THE TASK => No pictures, nothing altered: return the data below.

RECORDED INFORMATION =>
########

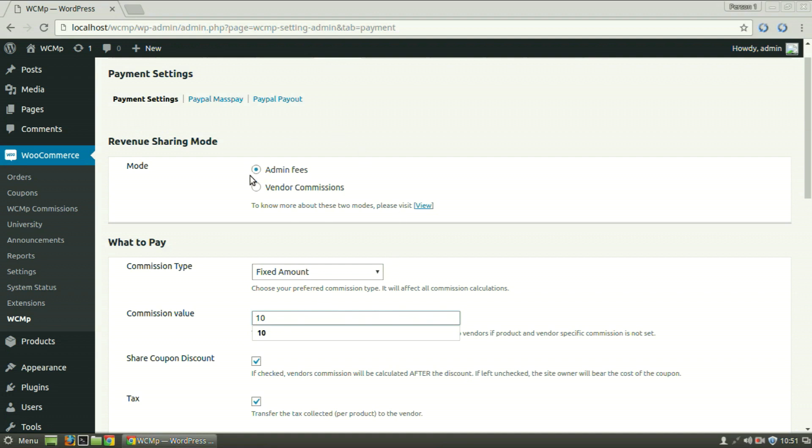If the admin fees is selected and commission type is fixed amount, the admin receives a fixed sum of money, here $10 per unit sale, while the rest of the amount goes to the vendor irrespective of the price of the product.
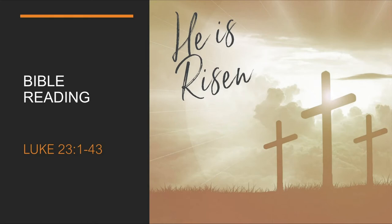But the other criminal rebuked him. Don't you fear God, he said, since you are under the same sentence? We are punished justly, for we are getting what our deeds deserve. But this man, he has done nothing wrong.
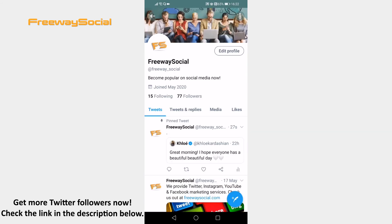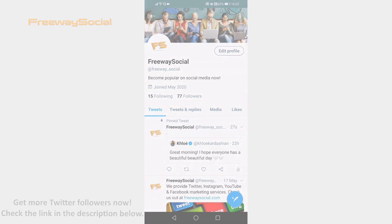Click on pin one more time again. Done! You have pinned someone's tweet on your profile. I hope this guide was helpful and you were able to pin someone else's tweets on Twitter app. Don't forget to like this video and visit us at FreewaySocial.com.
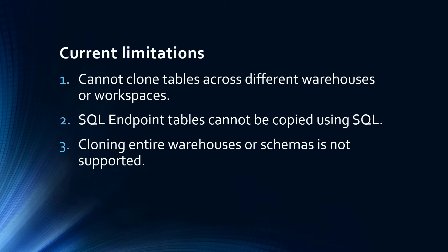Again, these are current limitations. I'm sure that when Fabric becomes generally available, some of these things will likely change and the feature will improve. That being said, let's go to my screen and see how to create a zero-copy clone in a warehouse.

########

SOLUTION FOR THIS EXERCISE =>
If the admin fees is selected and commission type is fixed amount, the admin receives a fixed sum of money, here $10 per unit sale, while the rest of the amount goes to the vendor irrespective of the price of the product.
But the other criminal rebuked him. Don't you fear God, he said, since you are under the same sentence? We are punished justly, for we are getting what our deeds deserve. But this man, he has done nothing wrong.
Click on pin one more time again. Done! You have pinned someone's tweet on your profile. I hope this guide was helpful and you were able to pin someone else's tweets on Twitter app. Don't forget to like this video and visit us at FreewaySocial.com.
Again, these are current limitations. I'm sure that when Fabric becomes generally available, some of these things will likely change and the feature will improve. That being said, let's go to my screen and see how to create a zero-copy clone in a warehouse.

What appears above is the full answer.